One of the bill’s main proponents, Liberal Democrat MP Vadim Dengin has suggested the bill was proposed to minimise foreign interference in Russian affairs. He stated “most Russians don’t want their data to leave Russia for the United States, where it can be hacked and given to criminals. Our entire lives are stored over there.”

However, the law has already faced widespread and multi-faceted concern. One of the main issues highlighted is the cost to giant global services such as Facebook, Twitter and Google, who now have to make the decision between investing huge amounts of money in Russian data centres (built to demanding specifications) or having their services blocked in one of the largest countries in the world. With Facebook and Twitter traditionally refusing to hand over data to governments, it seems it will be the latter. It is worth noting that even if costly data centres aren’t erected in Russia, the Russian economy may still stand to gain from the move, through increased traffic to websites such as Yandex (Russia’s homegrown search engine), mail.ru (a Gmail competitor) and VKontakte (a competitor to Facebook).

However, dissenters have also noted that whilst there may be short-term financial boosts, being locked out of the global digital economy could hurt Russia in the long term.

There is also the concern that the move will lead to greater monitoring of Russian citizens by their goverment.
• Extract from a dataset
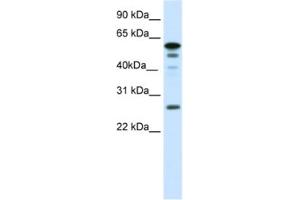 Western Blotting (WB) image for anti-Forkhead Box D1 (FOXD1) antibody (ABIN2461434)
Although data security on foreign servers is a valid concern, moving the data to Russia will make it much easier for the government to access it. Russia has recently passed a spate of bills which impinge upon the privacy and anonymity of its users. These include a law which requires bloggers to register themselves and conform with openness requirements, a law which states internet providers surrender detailed information on their users as requested and a law against “extremist” language which could see Russians facing a five-year prison sentence for retweeting incendiary material.

A spokesperson for Russia’s Association of Electronic Communication (RAEC), an internet lobbying group, has echoed these concerns. “Many global Internet services would be impossible,” they remarked “The bill takes the right of people over their own personal data away from them.”

Vladimir Kantorovich, vice president at the Russian Association of Tour Operators also remarked “They want the iron curtain all over again, with everything written on pieces of paper like in the Soviet Union. I feel like the Duma wants to lock us in an armoured cell for our protection without asking if we need it.”
The law stands to disrupt many groups- social media websites, Russian businesses which rely on international co-operation (such as airlines), Russian citizens and the whole Russian economy. The only way to know for sure how exactly the bill will disrupt the Russian digital landscape will be to wait and see.